Minnesota may be losing residents to nearby states, but communities outside the metro area are gaining people from migration. Researchers are urging those cities and towns to work together to keep people migrating in.

A new report from the St. Peter-based Center for Rural Policy and Development highlights how migration has become the No. 1 driver of population growth in Minnesota for the past few years, even as the Twin Cities metro area and the state as a whole are losing residents.

“We don’t draw in more people than we have people leaving,” said Kelly Asche, a researcher for the center. “But ... if we only look at it from a state perspective, we’re overlooking a lot of nuance that might be important.”
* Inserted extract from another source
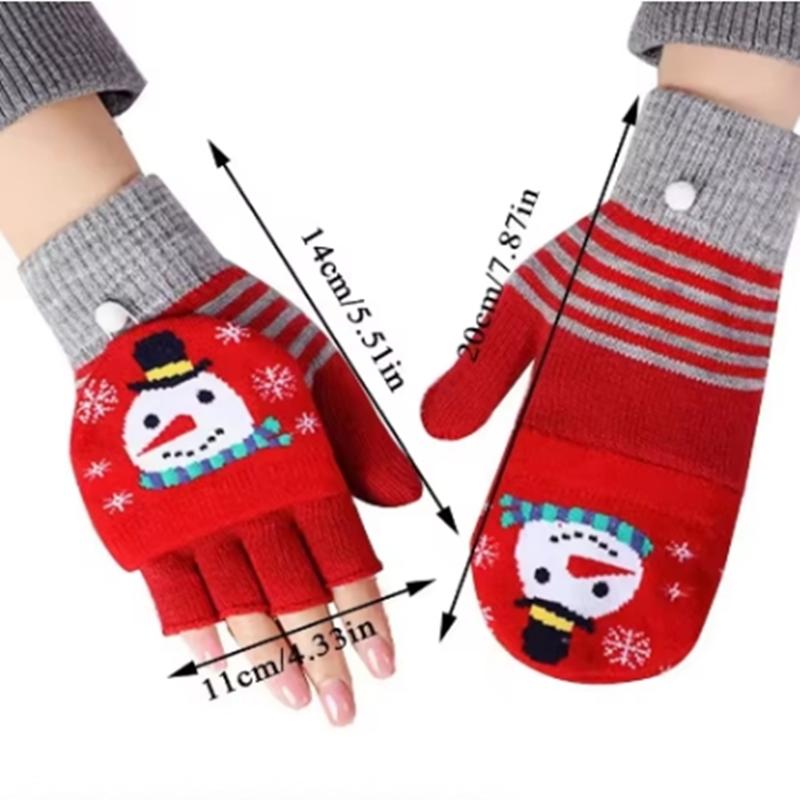 Crochet Flip Top Gloves Winter Women Warm Half Finger Gloves Thick Keep Warm Fingerless Gloves Christmas Knitted Gloves Soft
For decades, births largely determined population growth, while people appeared to leave the largely rural areas for the Twin Cities and other urban destinations.

Those trends have changed since the 2010s, as growth centers such as Duluth, Rochester, St. Cloud, Mankato and any community with a strong manufacturing hub attracted younger families and families of color for jobs.
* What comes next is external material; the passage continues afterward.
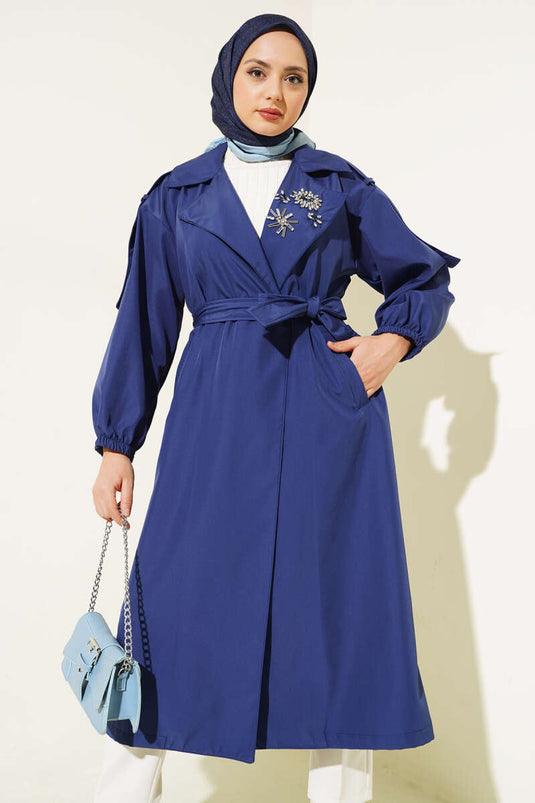 Stoned-Gürtel-Trenchcoat in Marineblau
Yet the baby boomer generation will start to turn 80 next year, prompting warnings from state demographers about an expected rise in the number of deaths in Minnesota’s future.

Births won’t offset those losses because Minnesota’s birth rate continues to decline. Though Minnesota’s population still grows annually, it’s largely through new [international](https://www.startribune.com/minnesota-welcomed-some-190000-new-residents-last-year-who-are-they/601219862) arrivals.

Mostly rural counties continue to lose residents, but larger metropolitan areas like Hennepin and Ramsey counties are expected to lose population too. It’s the counties with a mix of urban, suburban and rural interests that are poised to grow over the next few decades, according to state demographic projections.